Limitations & Future Work

  • Validations are currently limited to the H.264 standard. Although the authors state H.265/H.266 offer similar priors, experimental verification is not provided.
  • Motion vector alignment may lack precision in complex motion scenarios due to the limitations of block-level granularity.
  • Evaluations on downstream tasks focus mainly on video-level tasks, with direct performance gains for image-level tasks (such as object detection) not yet considered.
  • Compatibility with learned codecs (such as end-to-end video compression) has not been explored.
  • vs MFQE 2.0: MFQE utilizes a BiLSTM to detect peak-quality frames for multi-frame enhancement but requires deploying separate models for each compression level. This work replaces it with a single adaptive model, offering far superior flexibility.

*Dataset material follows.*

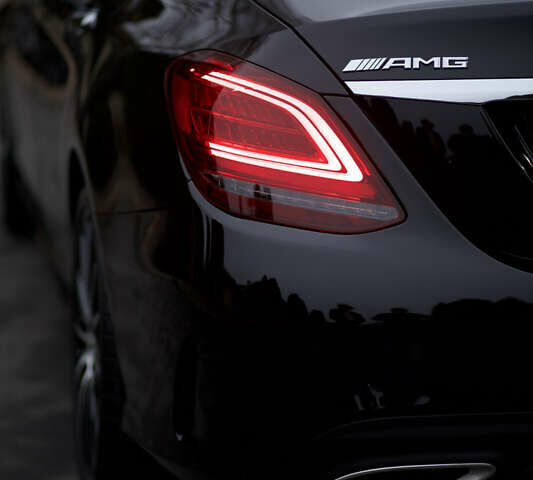 Чорний Мерседес Ц-Клас, об'ємом двигуна 1.99 л та пробігом 86 тис. км за 31500 $, фото 14 на Automoto.ua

  • vs CVCP/CIAF: These methods also exploit motion vectors and spatial priors, but focus exclusively on video super-resolution. The proposed framework is more general, supporting various downstream tasks.
  • vs Metabit: Metabit also utilizes spatial priors but only processes I/P frames and lacks hierarchical adaptation. The hierarchical mechanism designed in this work covers all frame types.

Rating

  • Novelty: ⭐⭐⭐⭐ The idea of integrating codec information as dynamic network conditions is novel, though the individual module designs lean towards empirical engineering.

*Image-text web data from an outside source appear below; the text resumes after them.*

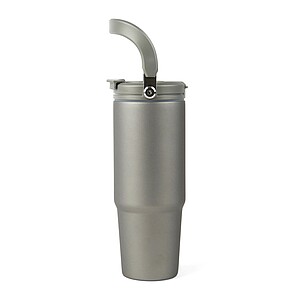VINGA Eos trek RCS recycled SS 880ml, grey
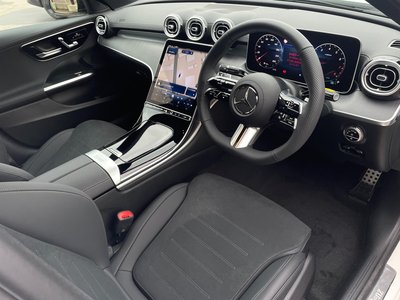 MERCEDES-BENZ C-CLASS - 2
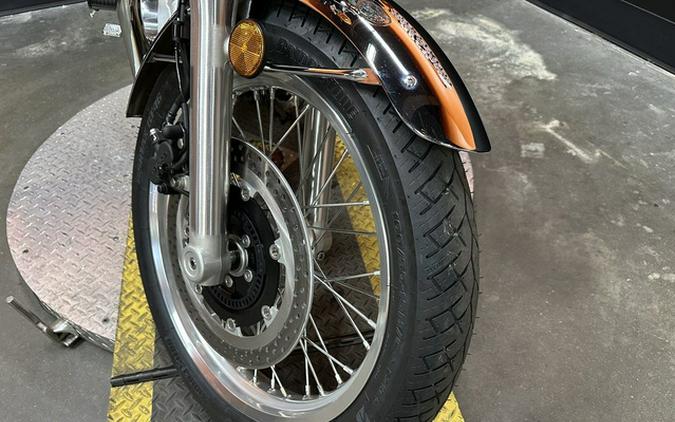 2024 Kawasaki W800 ABS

  • Experimental Thoroughness: ⭐⭐⭐⭐⭐ Extremely comprehensive, covering quality enhancement, three downstream tasks, generalization to unseen compression levels, and detailed ablation studies.
  • Writing Quality: ⭐⭐⭐⭐ Clear structure with well-argued motivation, though dense with mathematical notations.
  • Value: ⭐⭐⭐⭐ High practical utility. The plug-and-play design facilitates easy deployment into various video analysis pipelines.